それでも、よく空母を4隻も沈められたものだ。
阿部は心から搭乗員の腕前に感心した。


「長官!やりました!空母4隻撃沈です!」
小沢はそんな草鹿の歓喜の声を諫めるように言った。
「そのようだな。だが、まだ戦いは終わっていない。それにこちらも1隻撃沈され1隻を大破させられた。今後も厳しい戦いが予想される。慢心だけは無いように。」
「…はっ。」
母港に帰投した小沢は大破している『飛鷹』を湾内に留め置き、内地からの整備要員を待つことにした。


「米軍部隊の投降が完了しました。
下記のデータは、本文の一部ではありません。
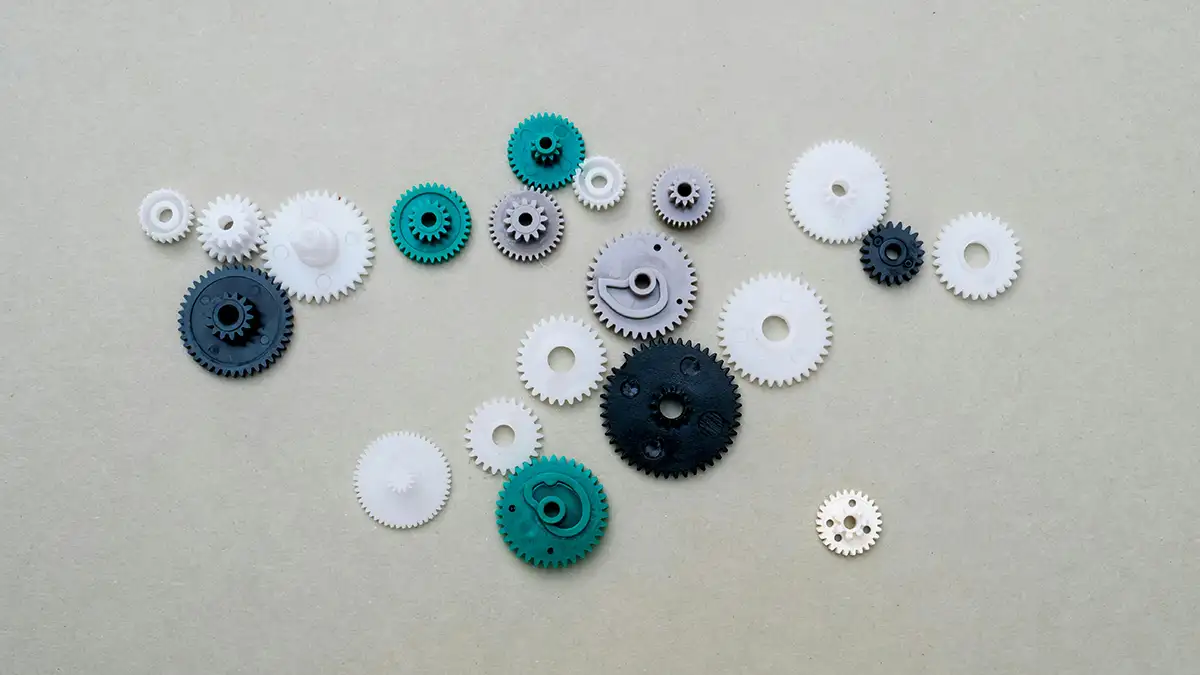 Assorted plastic gears in various sizes and colors, including white, black, green, and gray, commonly used in precision mechanisms made of POM and other engineering plastics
」
辻村の報告を南雲が安堵した様子で聞いていた。
「無駄な血が流れないのは良いことだ。しかし、戦艦はやはり恐ろしいものだな。
南雲は穴だらけとなった海岸線に目を向ける。
「海岸にいた将兵たちのほとんどが消えていることからも、その威力が分かりますね。」
「全くだ。」
サイパン島上陸作戦は米軍側死傷者42000人、日本軍側死傷者18000人を経て日本軍の勝利に終わった。


マリアナ沖海戦の勝利の報はすぐに国民に知らされた。
『精鋭なる帝国海軍はマリアナ沖にて、敵艦隊と決戦を行いこれを撃破。空母4隻を撃沈せり。』
そんなラジオから流れてくる戦勝の報告を一人小馬鹿にしている軍人がいた。
「いまさら、国民は信じないだろうに…。だがサイパンが落ちなかったことはこれからの戦況に少なからず影響を与えるだろう。」
予備役の身になってから様々なことを学んだ。
そして、先日木戸幸一が話を持ち掛けてきた。
なんでも東条を説得するらしい。
今日がその日だ。
彼はラジオの電源を切り、総理官邸に向かう。
列車をいくらか乗り継ぎ約束の時間20分前に到着した。
「早すぎたか。」
石原は談話室の椅子に腰かけながらぼやいた。
「いや、そんなことはない。」
不意に扉が開き、東条が入ってきた。
「お久しぶりです。東条総理大臣。」
それを聞くと東条は驚いた顔をした。
「君が私に敬語を使うようになるとはどういう風の吹き回しだ?」
「予備役は暇なもので色々と学びましたから。」
「まあいい。それで何の用だ?石原莞爾元中将。」
石原は東条と真正面に向かい合い姿勢を正す。
この戦局を打開するために。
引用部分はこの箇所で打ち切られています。